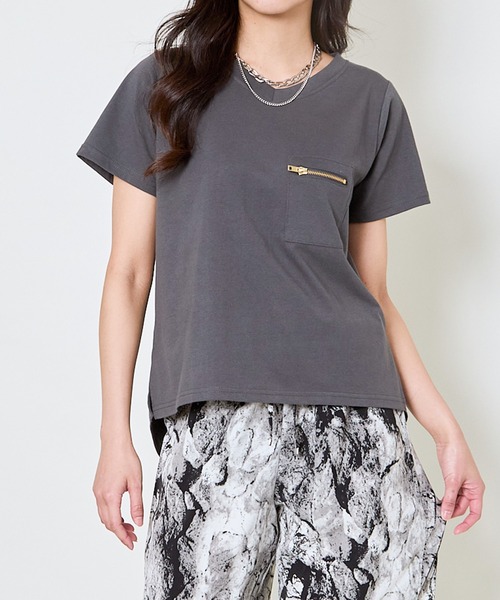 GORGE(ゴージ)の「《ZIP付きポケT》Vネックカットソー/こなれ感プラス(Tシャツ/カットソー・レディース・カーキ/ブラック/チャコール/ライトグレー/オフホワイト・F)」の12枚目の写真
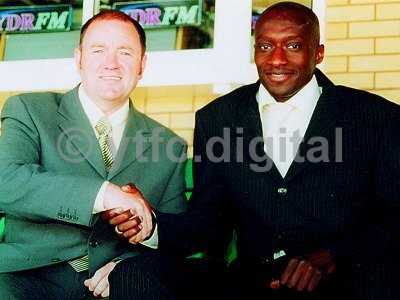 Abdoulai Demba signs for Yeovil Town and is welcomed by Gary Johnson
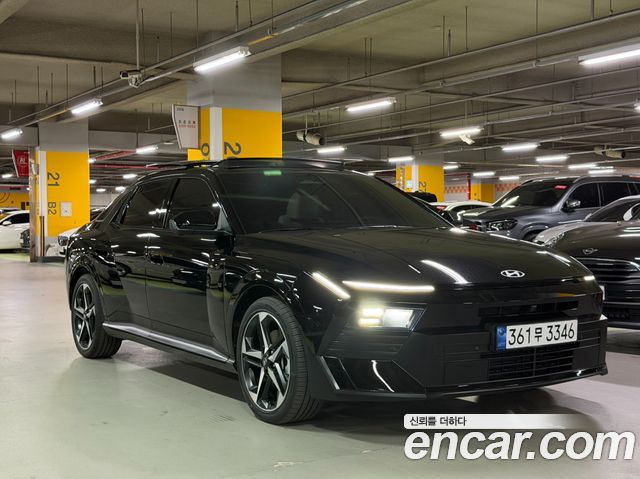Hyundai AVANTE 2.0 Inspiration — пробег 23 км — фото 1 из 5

==

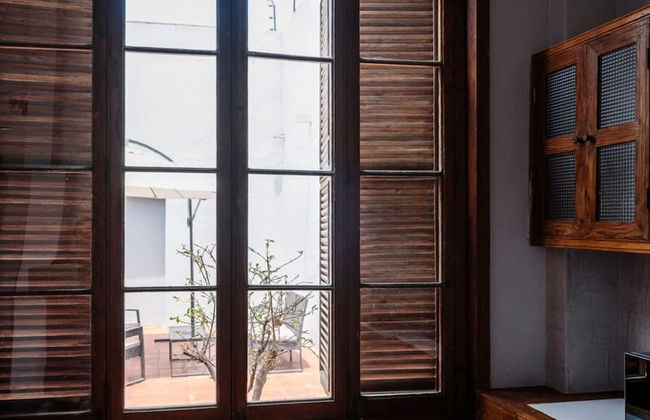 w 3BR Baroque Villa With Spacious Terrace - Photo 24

__Task item__. Among the entries above, copy exactly the stretch from the line holding "GORGE(ゴージ)の「《Z" through the line holding "Hyundai AVANTE 2.0", leaving out any pictures.

__Problem solution__.
 GORGE(ゴージ)の「《ZIP付きポケT》Vネックカットソー/こなれ感プラス(Tシャツ/カットソー・レディース・カーキ/ブラック/チャコール/ライトグレー/オフホワイト・F)」の12枚目の写真
 Abdoulai Demba signs for Yeovil Town and is welcomed by Gary Johnson
Hyundai AVANTE 2.0 Inspiration — пробег 23 км — фото 1 из 5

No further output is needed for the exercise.